The "Loyal Employee" Paradox: Why Your Most Trusted Assets Could Be Your Biggest Risk
- Admin - GrowPrise

- Feb 10
- 3 min read

In every large organization, there is often that one employee in the Finance or Accounts department who is revered. They are the first to arrive, the last to leave, and they never take a vacation. Management loves them. They are seen as "indispensable" and "dedicated."
From a Fraud Risk Management perspective, however, this behavior is not a badge of honor—it is a flashing red warning light. 🚩
While trust is the foundation of any team, relying on people rather than process is a recipe for disaster. The Association of Certified Fraud Examiners (ACFE) consistently finds that perpetrators of occupational fraud often display the same behavioral red flag: refusal to take leave.
Here is why your organization needs to shift from a "People-Centric" to a "Process-Centric" system, and the two critical controls you might be overlooking.

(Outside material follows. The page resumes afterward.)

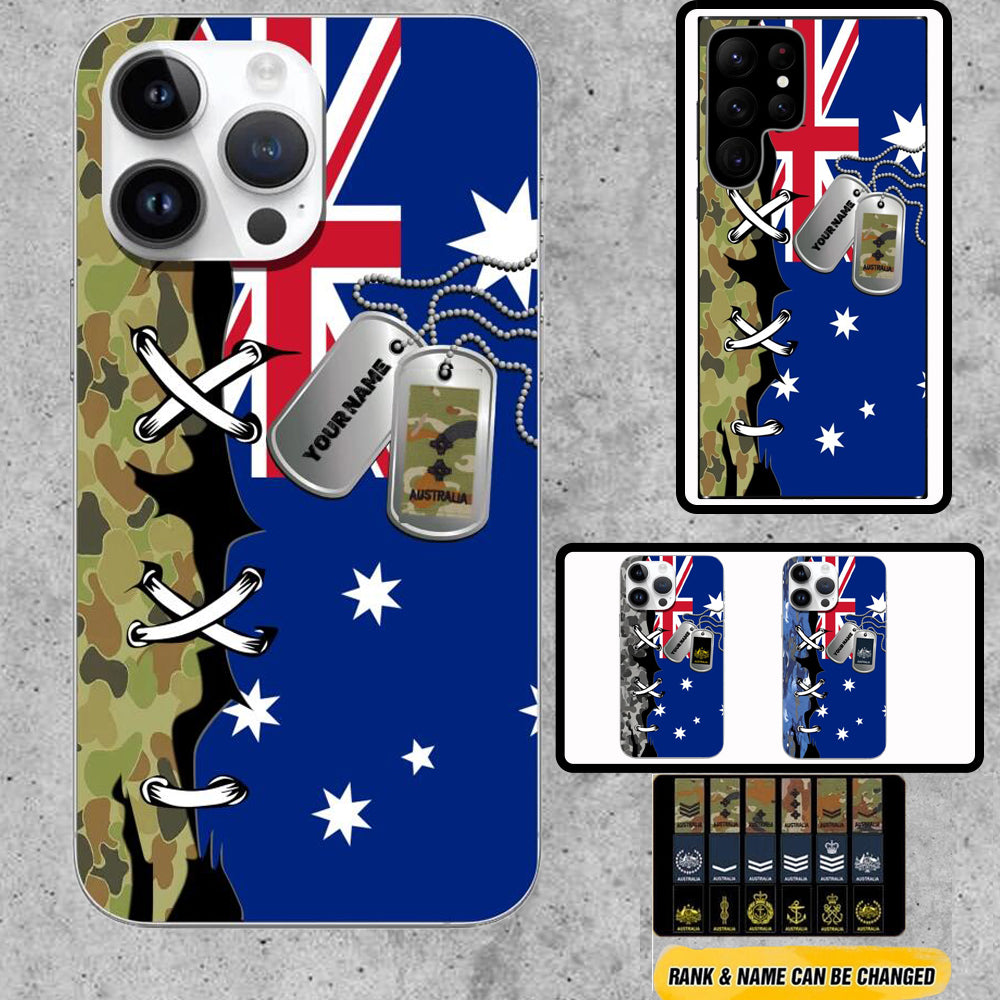 Personalized Australian Soldier/Veterans Phone Case Printed - 3101230005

1. The Detection Control: Mandatory Block Leave
Fraud, by its nature, requires maintenance. A perpetrator cooking the books needs to be present constantly to cover their tracks—hiding invoices, manipulating reconciliations, or intercepting queries.

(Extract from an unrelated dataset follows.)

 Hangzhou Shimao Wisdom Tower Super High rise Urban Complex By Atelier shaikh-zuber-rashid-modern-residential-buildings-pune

The moment they step away, the scheme becomes vulnerable.
The Solution: Implement a Mandatory Block Leave Policy.
The Rule: Every employee in sensitive financial roles (Treasury, Accounts Payable, Procurement) must take a continuous block of leave (e.g., 10 to 15 days) annually.
The Logic: During this absence, their duties must be handed over to a peer or supervisor.

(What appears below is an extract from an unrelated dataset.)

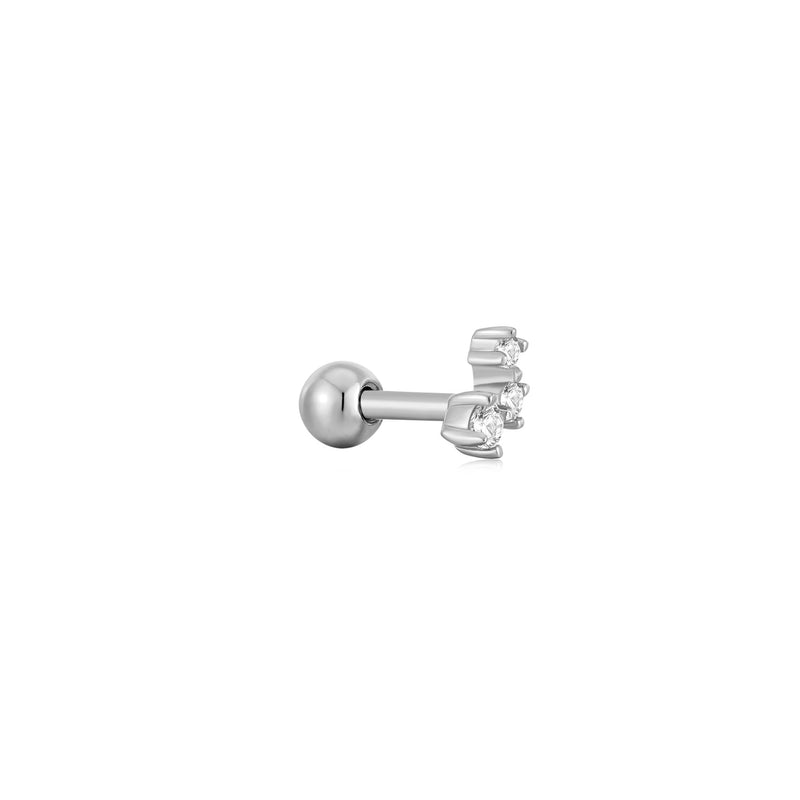 Ania Haie Silver Sparkle Galaxy Barbell Single Earring E047-11H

The Result: If there are irregularities—unreconciled items, pending adjustments, or hidden files—the substitute will likely stumble upon them. This acts as a powerful detection control. It forces the system to be tested by someone else.
2. The Preventive Control: Mandatory Job Rotation
Comfort breeds complacency, and in the worst cases, it breeds collusion. When an employee stays in the same role for 5, 7, or 10 years, they learn every loophole in the system. They build "fiefdoms" where they control the end-to-end process, often bypassing standard checks because "they know how it works."
The Solution: Mandatory Internal Job Rotation every 2–3 years.
The Rule: No one owns a seat forever. An Accounts Payable manager moves to Accounts Receivables; a Procurement lead moves to Compliance team.
The Logic: This ensures "Fresh Eyes" are constantly reviewing the process. A new person will ask, "Why do we do it this way?" or "Where is the approval for this?"
The Result: This acts as a preventive control. Knowing that someone else will take over their role in 24 months discourages an employee from initiating a long-term fraud scheme. It breaks the "cozy" relationships built with vendors or banks over the years.
From People-Centric to Process-Centric
The goal of robust Corporate Governance is to build a system that relies on the process, not the person.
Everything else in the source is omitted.